In the 6 months to July 26th food sales were down
0.4%, despite food inflation running at well over 3%, and profits declined from
£119m to £117m. Market share is dropping,
and Kantar Worldpanel figures for the latest twelve weeks show share at 6.6%
compared with 6.8% in the previous year.
The performance is made more depressing by the fact that
changing habits mean a boom in shopping in smaller local stores, territory on
which the Coop has operated for decades. Shoppers are weighing up the savings on time
and petrol costs that shopping locally offers, and recognising that shopping
only to buy what is needed for immediate consumption can help keep costs under
control.
The Coop realises that it needs an overhaul.
It has recruited senior staff from Tesco, Asda, and Sainsbury,
and drafted in the former Morrisons finance
director. Prices have been sharpened, and it is trying to improve its own brand
quality. It is setting up farming groups to get closer to suppliers.
It acknowledges the rise of on line grocery shopping and
recently announced that it is trialling four different ways of delivering an
online service to its customers. In perhaps the most memorable quote yet made
on the issues surrounding a move into online, Steve Murrells CEO said “Evidence
shows it replaces bricks and mortar sales and is margin eroding. But if you are
not prepared to eat your own children someone else might.”
Intensifying competition means that attention to price and
quality alone is unlikely to be enough to generate growth. All of the major supermarkets are going local.
Sainsbury has announced that it plans to open 100 new convenience stores a
year. Morrisons has got in on the act, albeit belatedly, and will have 100 M
Local stores open by January 2014. Asda is using its Netto acquisition to
experiment with different types of smaller store retailing, and Tesco just
wants to be the biggest in every sector.
So now the Coop has to work out what it can offer that will
persuade customers to walk past a local store from one of the “big four”, past
a local operator such as Budgens, and choose to enter a Coop.

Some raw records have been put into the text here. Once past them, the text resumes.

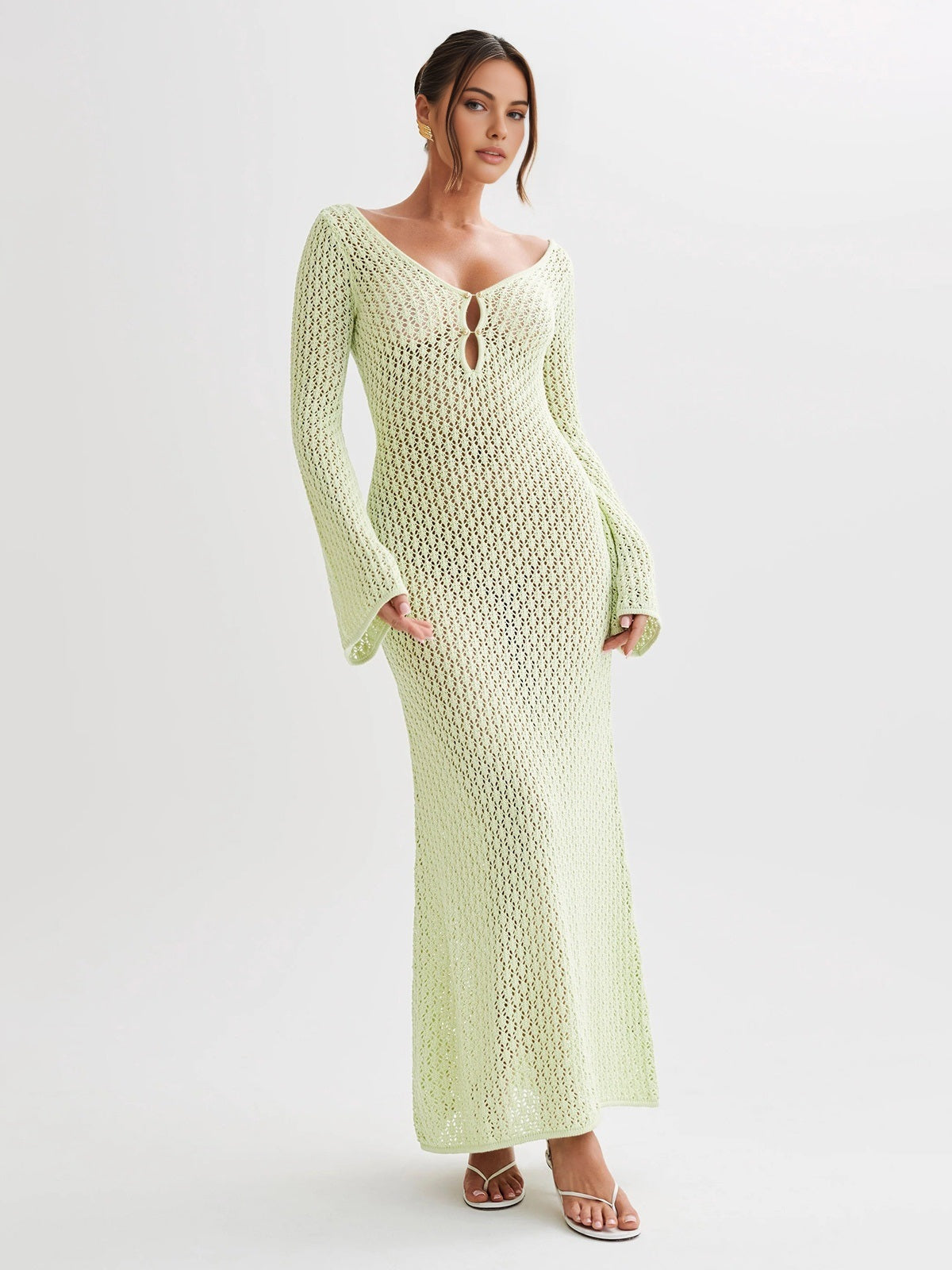Iris Cover Up Long Sleeve Open Back Long Dress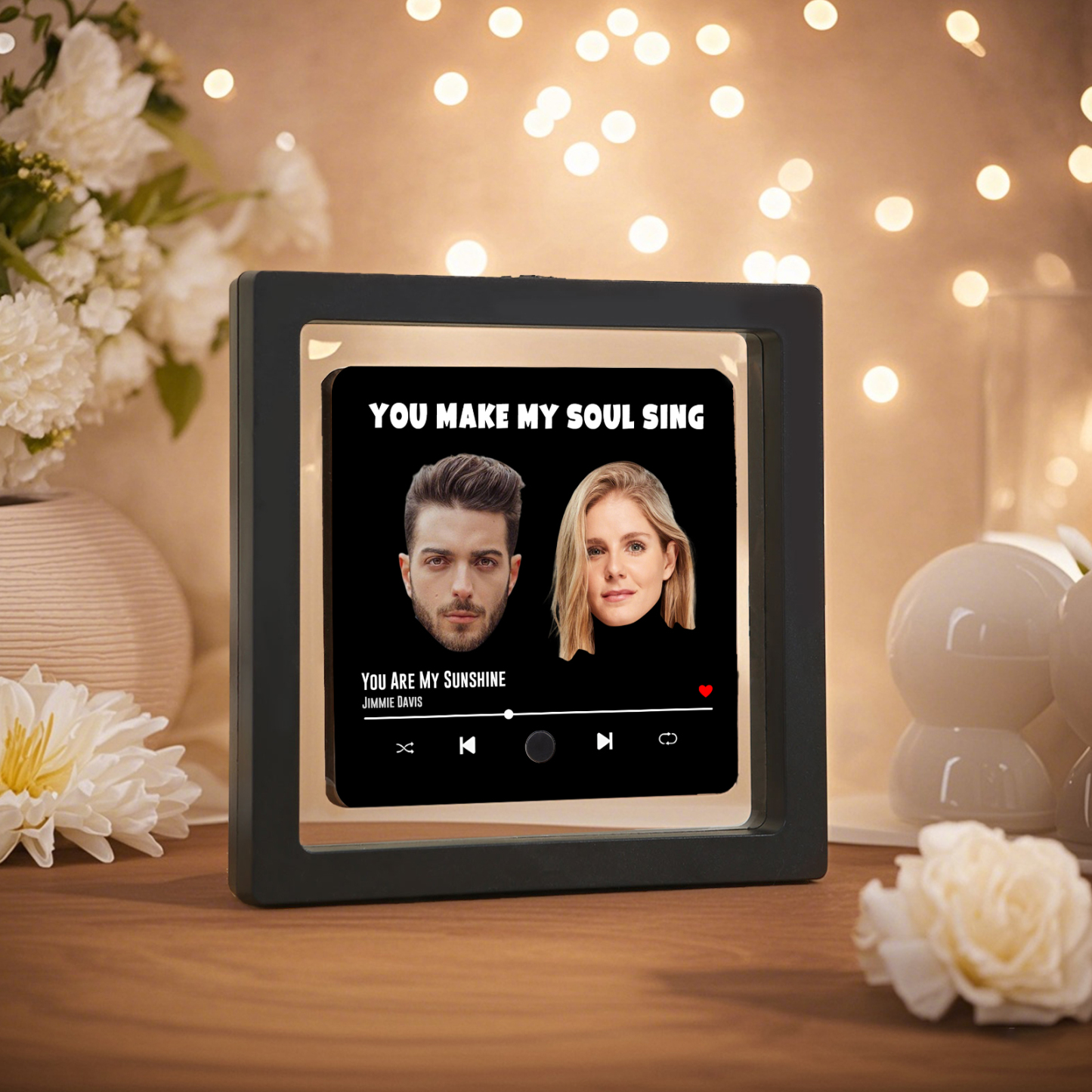 Personalisierte 2 Fotos & Lied & Text Musikrahmen Acryl-Kühlschrankmagnet Geschenk für Paar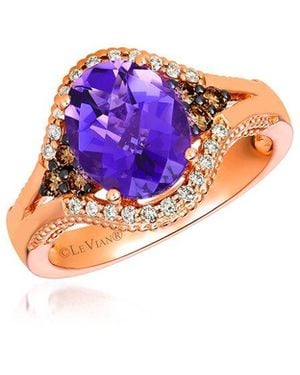 Le Vian Le Vian 14K 1.91 Ct. Tw. Diamond & Amethyst Eternity Ring - Blue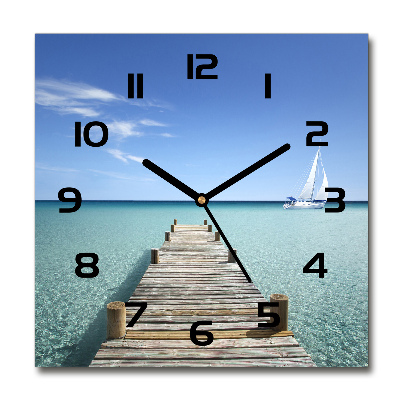 Reloj de pared cuadrado Muelle de madera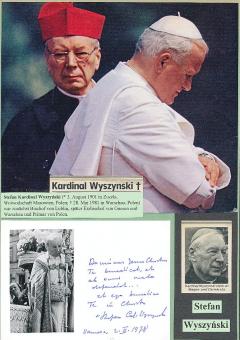 Stefan Kardinal Wyszynski † 1981 Erzbischof und Primas von Polen Kirche Autogramm Karte original signiert 
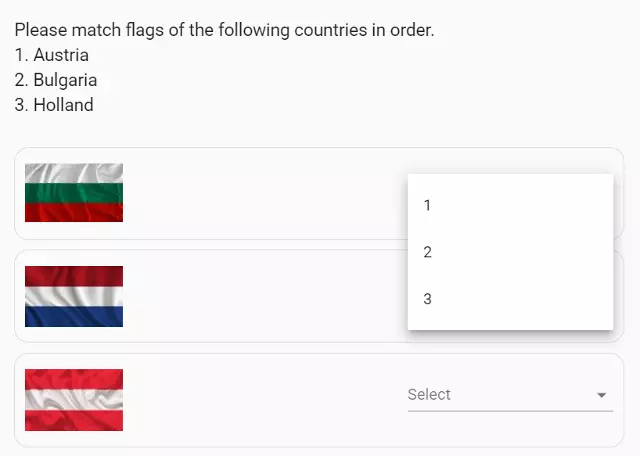 Adayın, maddeler ile seçenekleri eşleştirmesinin istendiği soru örneği.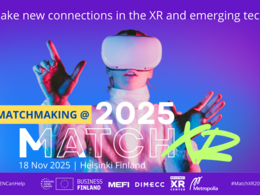 Header of the Match XR 2025 event that shows a women with VR headset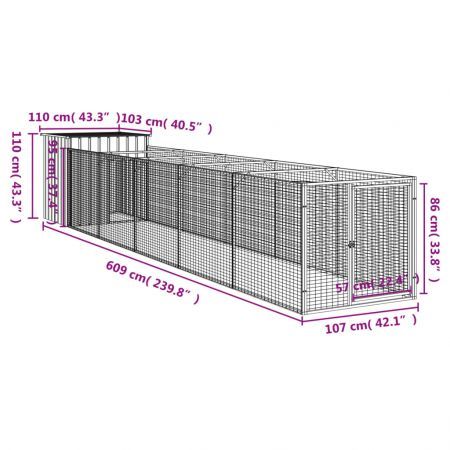 Dog House with Run Anthracite 110x609x110 cm Galvanised Steel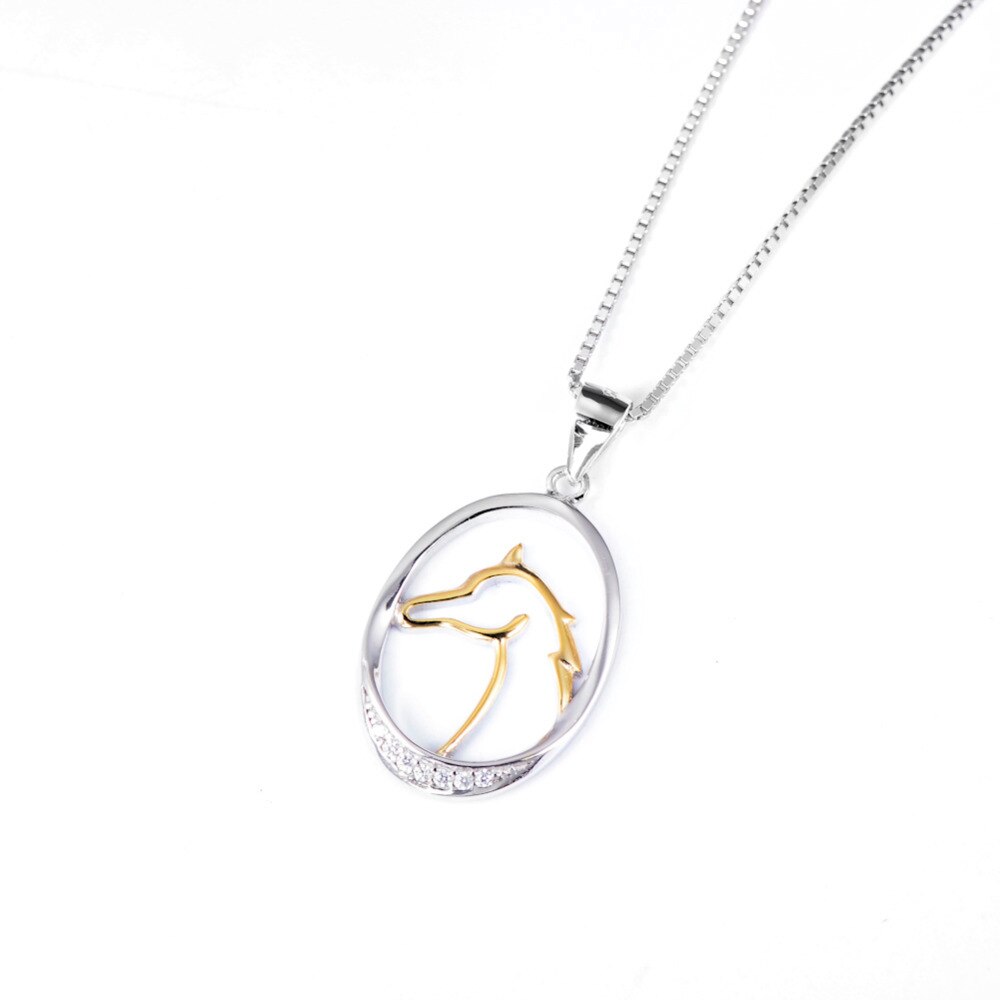 Collier Cheval Ovale Bicolore Argent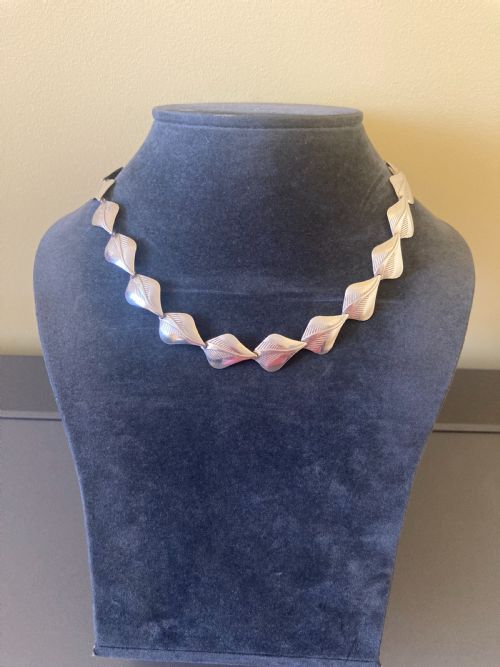 DANISH SILVER NECKLACE BY N E FROM 1950S - ADDITIONAL PHOTO 2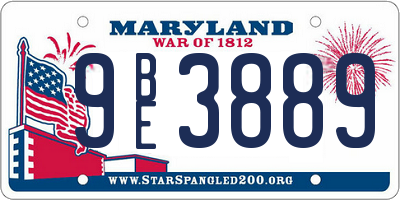 MD license plate 9BE3889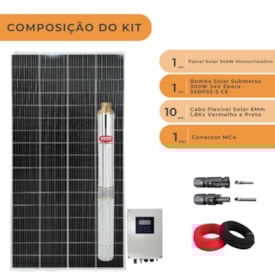 Segunda imagem do produto Kit Bomba Solar 300W Ebara até 30mca ou 2700 L/h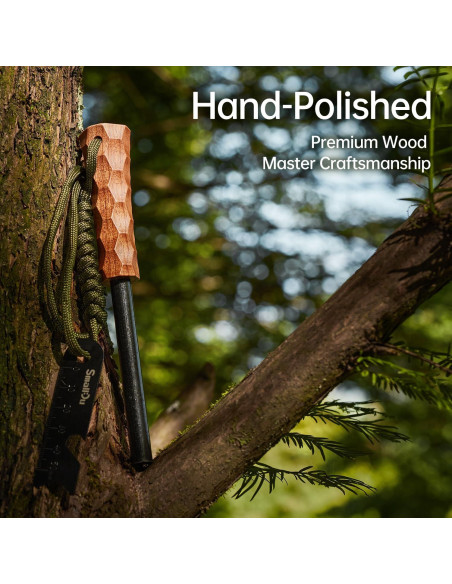 Encendedor de Fuego Ferro Rod Smalldu con Yesca y Mango de Madera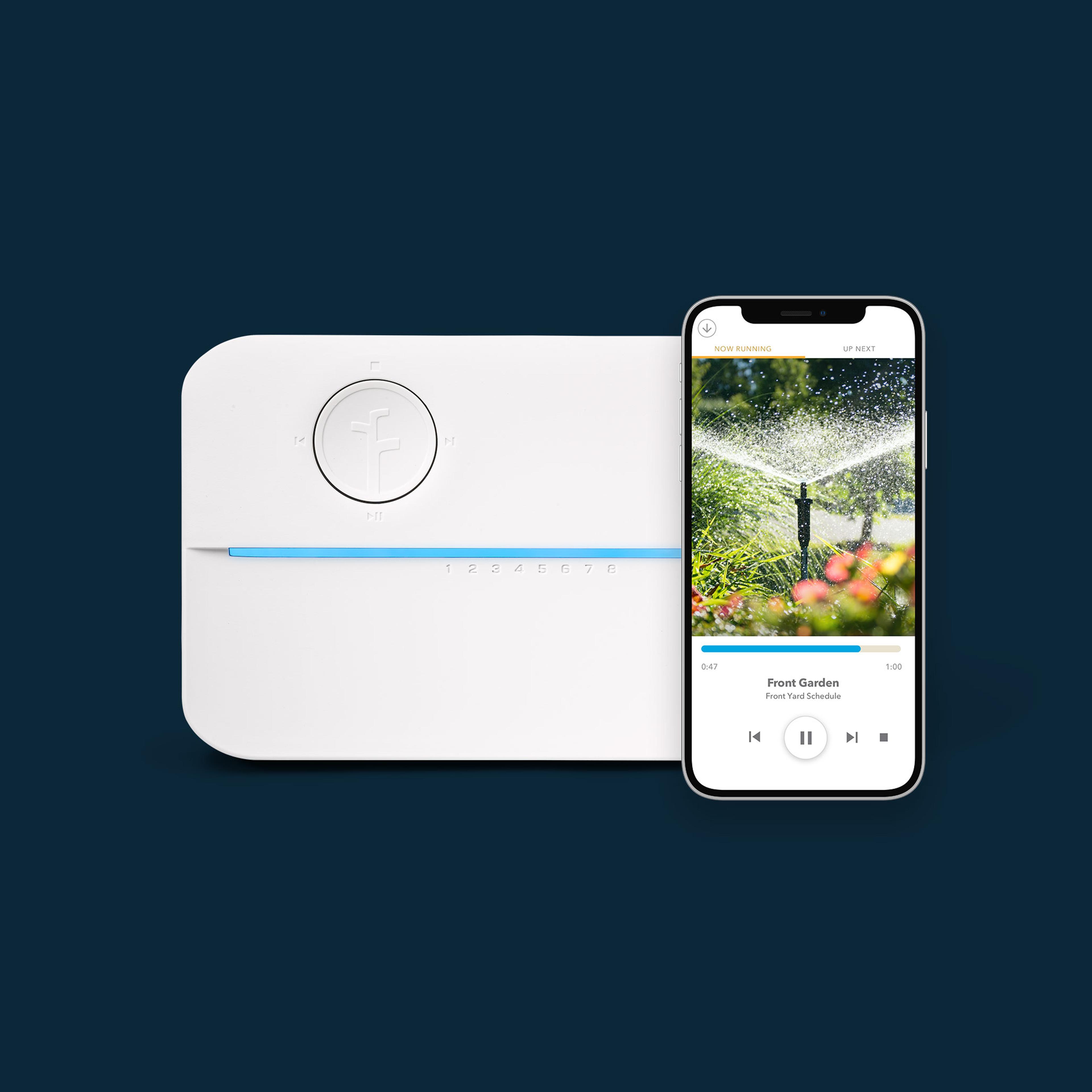 Rachio 3 Controller and phone with Rachio app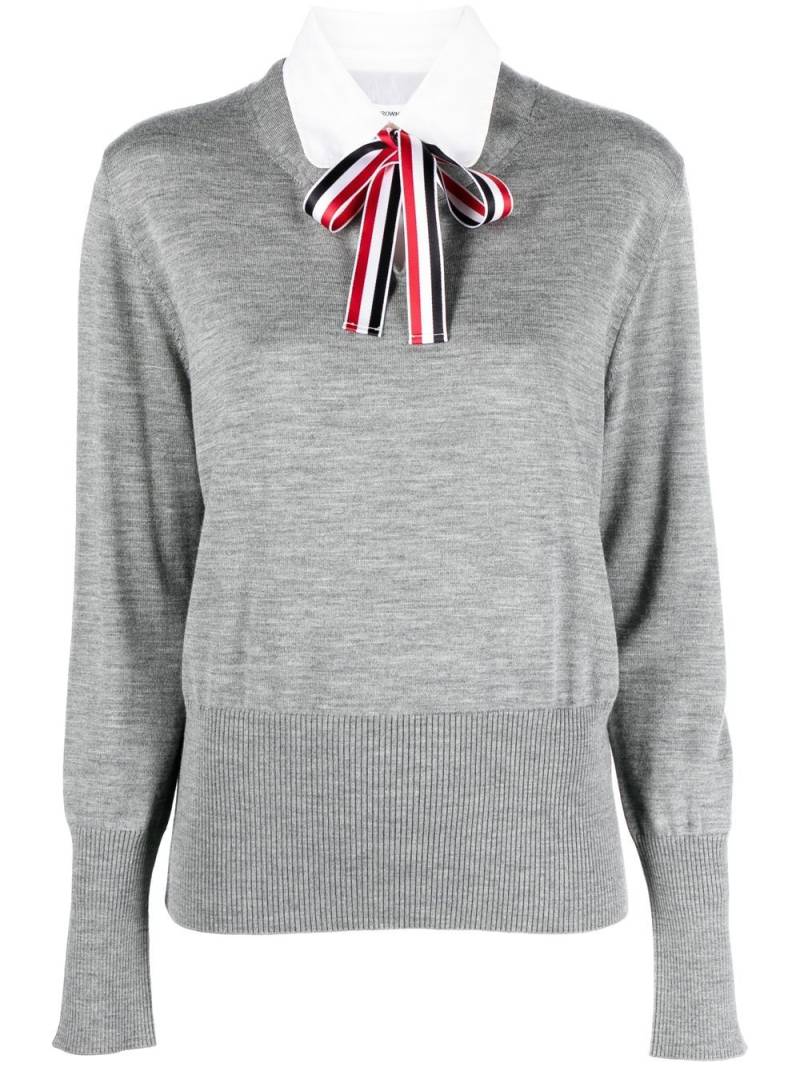 Thom Browne jersey stitch ribbon tie jumper - Grey von Thom Browne
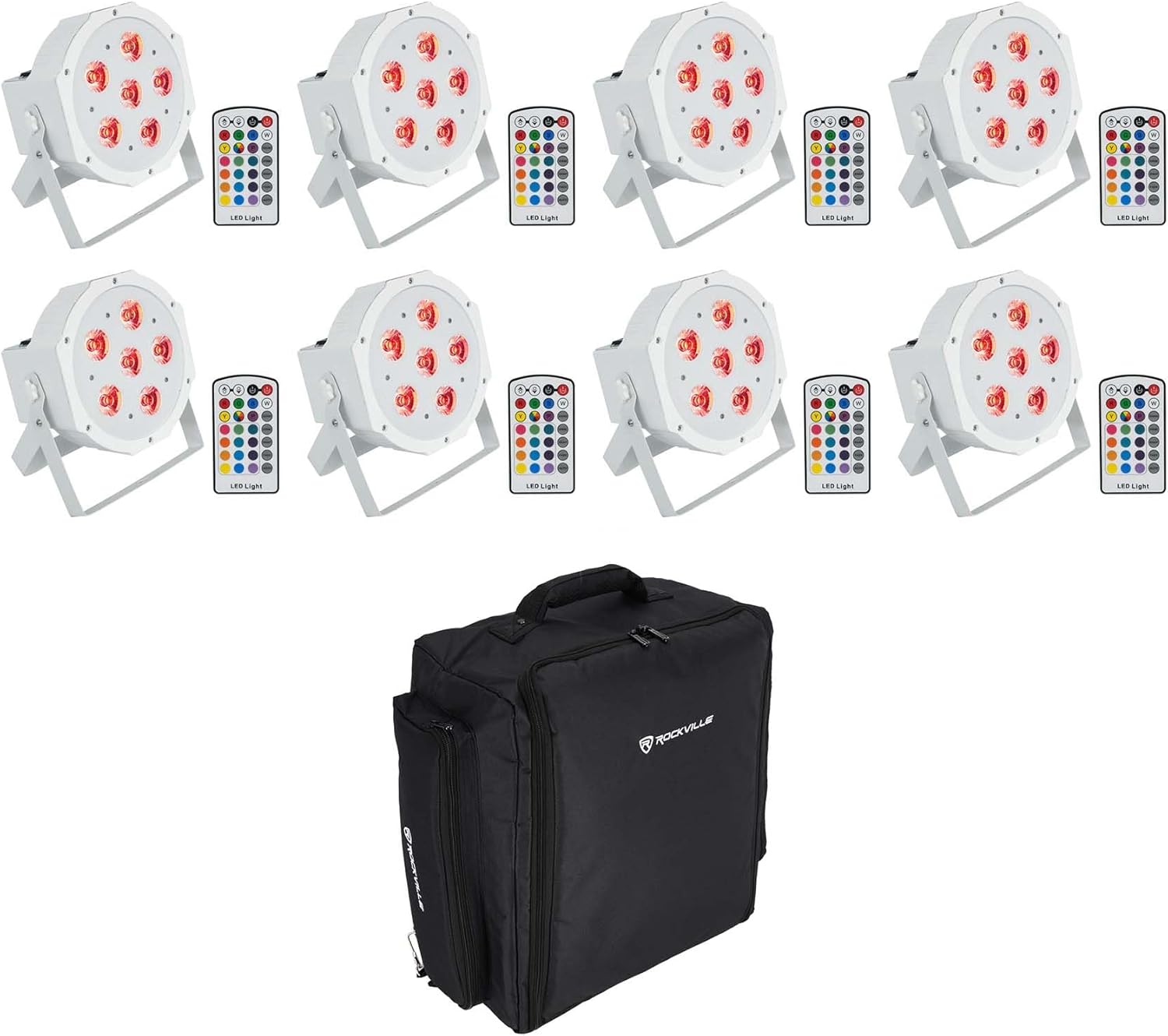 (8) Rockville Battery PAR 6RF White Rechargeable Wireless DMX Lights+Backpack
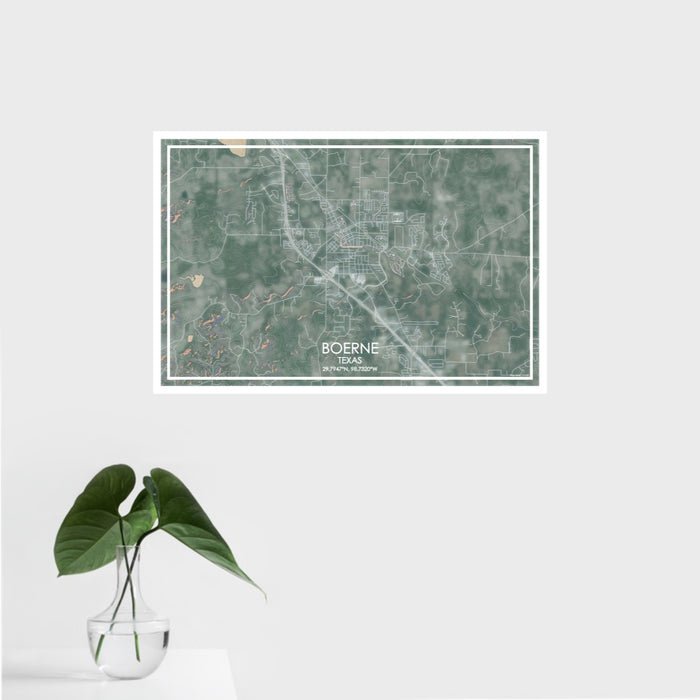 16x24 Boerne Texas Map Print Landscape Orientation in Afternoon Style With Tropical Plant Leaves in Water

The Institute of Grocery Distribution offers helpful advice to smaller store owners. It
boils down to having a deep understanding of why shoppers go to a particular
local store. There are basic requirements of quality and value, but thereafter
shopper needs can differ by customer age, whether or not they have children, age
of children, type of locality, and time of day. One size is unlikely to fit
all.
The Coop will need to be more analytical, flexible and
faster to respond to shopper needs than it has been hitherto.